**TASK:**
Could you set down, exactly as they stand, only the lines from the one containing "变频器维修视频教程，秒懂级，" through the end of the listing?

**DATA SECTION:**
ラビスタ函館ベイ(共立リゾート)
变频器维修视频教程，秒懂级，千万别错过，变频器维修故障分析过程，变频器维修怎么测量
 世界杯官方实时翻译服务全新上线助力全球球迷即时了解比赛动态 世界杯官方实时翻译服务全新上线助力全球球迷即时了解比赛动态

**EXPECTED ANSWER:**
变频器维修视频教程，秒懂级，千万别错过，变频器维修故障分析过程，变频器维修怎么测量
 世界杯官方实时翻译服务全新上线助力全球球迷即时了解比赛动态 世界杯官方实时翻译服务全新上线助力全球球迷即时了解比赛动态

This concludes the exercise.